I have to admit, I’m really enjoying sitting on the side lines as my youngest sisters, and some of their friends, make their way through new motherhood – so much so that, sometimes, I find myself smiling and chuckling ever so quietly. The latest act in this tragicomedy began when I asked Jeanna how one of her friends, who is, like Jeanna, a new mother who returned to work full time, was doing. Jeanna said she was doing great, but had to stop nursing her six-month-old daughter, in part because she has to travel so much for her job.
At this point, I was tempted to fisticuffs.
Considering widespread knowledge about the virtues of breastfeeding – for society, in terms of lower health care costs and higher economic productivity – as well as for mom and baby, it’s remarkable that governments and employers in the United States do so little to accommodate working mothers who opt to nurse their infants and young children. In California, employers must provide a clean and private space for nursing mothers to express milk, but may restrict the time available for this necessary activity to regular breaks. Obviously, the legislators responsible for Chapter 3.8, Section 1030, Part 3 of Division 2 of the Labor Code (”Lactation Accommodation”) are clueless.

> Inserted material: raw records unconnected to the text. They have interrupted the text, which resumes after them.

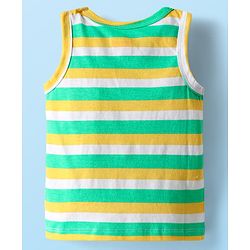 Babyhug 100% Cotton Antibacterial Sleeveless Sando With Stripes & Animal Print Pack Of 3 - Navy Blue Yellow & White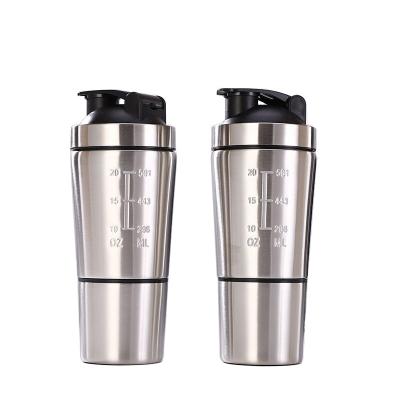 China New Design Wall Mounted Stainless Steel GYM Portable Sport Water Shaker Bottle Dual Shaker Bottle With Protein Box Viable for sale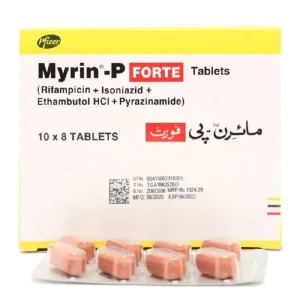 Myrin-P Forte Tablet pack containing Ethambutol 275mg, Rifampicin 150mg, Isoniazid 75mg, and Pyrazinamide 400mg. Used for tuberculosis and bacterial infections.
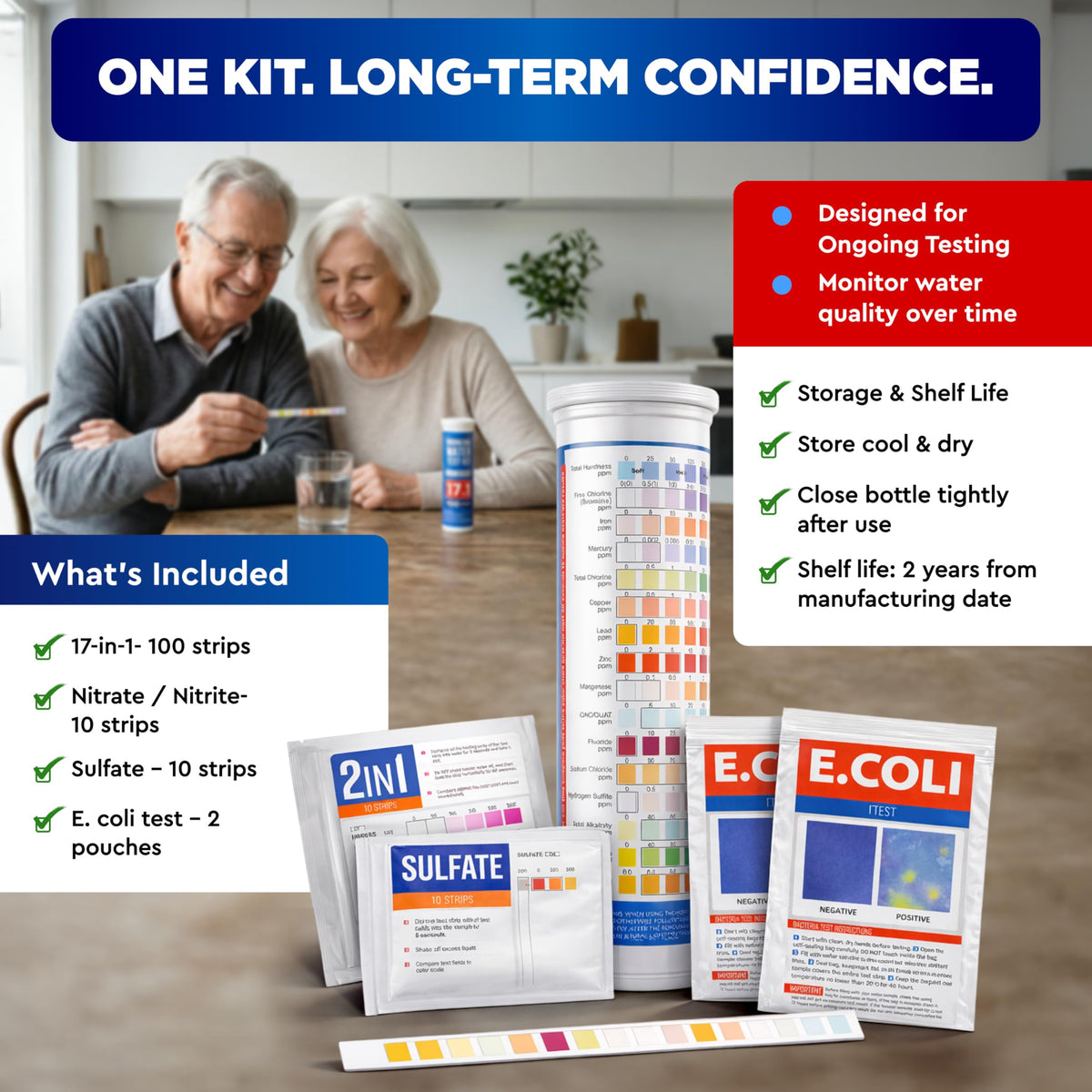 BestProd 17-in-1 strip and bacteria tests for versatile home testing.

Although some women are able to purchase or borrow a state-of-the art electric double breast pump, and adapt easily to using it, others cannot. When I was nursing my eldest son, I depended on an uncomfortable hand pump provided free of charge by the birthing center; pumping both breasts by hand in the 15 minutes I had between back-to-back seminars was, at best, challenging, and frequently painful. On the upside, I could retreat to a private office to pump, and call a short break during class if I needed to use the bathroom or get a snack. Many nursing mothers are not so lucky. It is no understatement to say that some of these women have to choose between taking care of themselves and providing for for their children.
Work-related travel ratchets up the inequity nursing mothers face in the work place. Employers are in no way required to accommodate these women when they are must travel. Jeanna’s friend believes this situation is grossly unfair. I have to agree. Again, some women adapt easily to using a pump; they can freeze and ship their pumped milk home or simply pitch it while on the road. Others do not…or will not. I was one of them.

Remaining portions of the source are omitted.